Pain-Free Data Science Tutorial: Principal Components Analysis

PCA is a much-used and poorly understood way of reducing the number of features in your analysis. At this year's PyBay, I gave a lecture on the intuition behind PCA. What drew me to this lecture was the challenge of explaining something that appears mathematically intimidating in a more accessible way. 

You can look through for the lesson, but what I enjoyed about designing this talk was actively trying to stay away from equations and code. It's easy to fall back on yet another python tutorial or yet another linear algebra explanation. Let's be honest, most newcomers to data science will often apply tools like PCA without fully understanding what it does and why. Most will tell you the following: 

1) You reduce dimensions the same way you do feature selection, but without 'losing information' (whatever that means!)

2) You type in a line of code and voila! instant dimensions reduced, and plow ahead with your classification or clustering. 

lda = LDA(n_components=2)
X_train_lda = lda.fit_transform(X_train, y_train)

 

A deeper understanding helps you become a better data scientist. It's easy and tempting to plug and play code, but a good data scientist knows when not to use a tool:

First, a data scientist should understand the appropriate use of dimensionality reduction. In many cases, it's approached incorrectly - a user will say, "I want to project my data down to n dimensions." Instead, check your scree plot for the cumulative percent variance explained with each additional dimension, to make sure you're picking up an adequate amount of variance. 
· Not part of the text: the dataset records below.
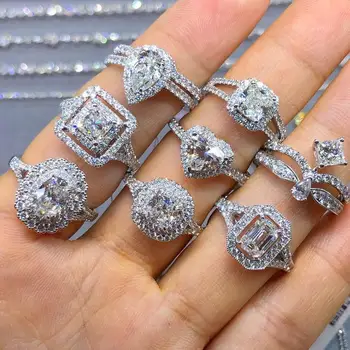

Multi Style Luxury Jewelry 925 Sterling Silver White 5A Cubic Zirconia Women Wedding Engagement Band Ring For Lovers' Gift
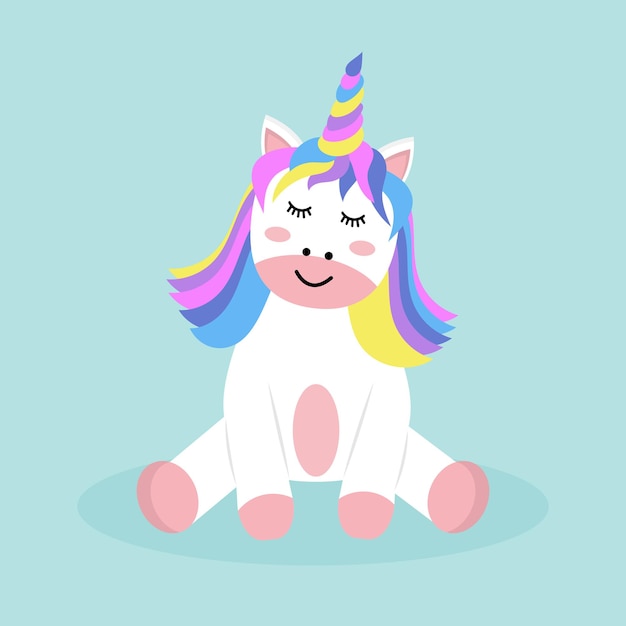 Unicornio lindo bebé sentado. Animal mítico de dibujos animados.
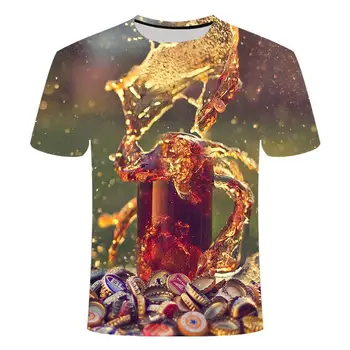 2020 naujas hip-hop vyriški t-shirt 3D spausdinimo vyrų mėsainiai alaus butelis pokerio t-shirt kvėpuojantis, greitai džiūstantys trumpi marškinėliai mados cas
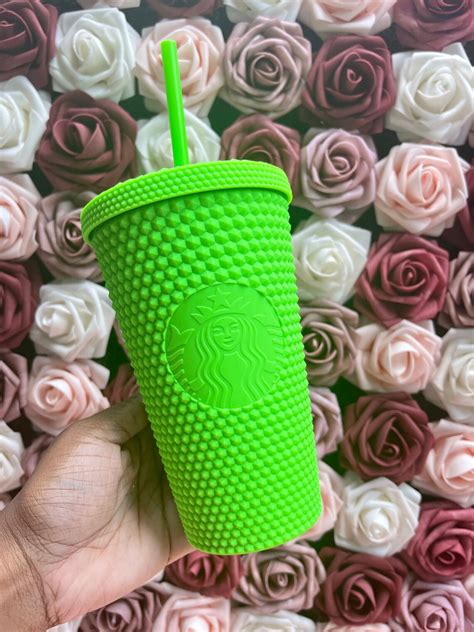 Starbucks Neon Green Studded Grande Tumblerstarbucks Fall Etsy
Second, PCA doesn't change your data. It's just a shift in perspective used to combat the curse of dimensionality. In my talk, I use the example of the duck/rabbit optical illusion to illustrate how a different perspective can make a projection look completely different. 

PCA = Ducks and Bunnies

 

We comprehend dimensionality reduction every day - on our phones, televisions, laptops and movie theaters. All an image is is a 2 dimensional representation of a 3 dimensional image. Think about the picture below - it is clearly three dimensional, but we are clearly able to understand what is imparted, as the third dimension, though useful, is not necessary for our understanding of what the image portrays. In PCA terms. we're able to collapse the data by removing one dimension without sacrificing information: 

 

Finally, it's important to note that you do lose interpretability for a non-data science audience. A simple way to explain it is that you weed out the signal from the noise. However, it's much easier to explain a beta coefficient of a linear model than to explain the eigenvalues that compose the eigenvector of each component. It's quite important to keep that in mind when choosing to perform dimensionality reduction on your model. For people in sensitive data environments (banking or healthcare), you may have to stick to basic feature selection.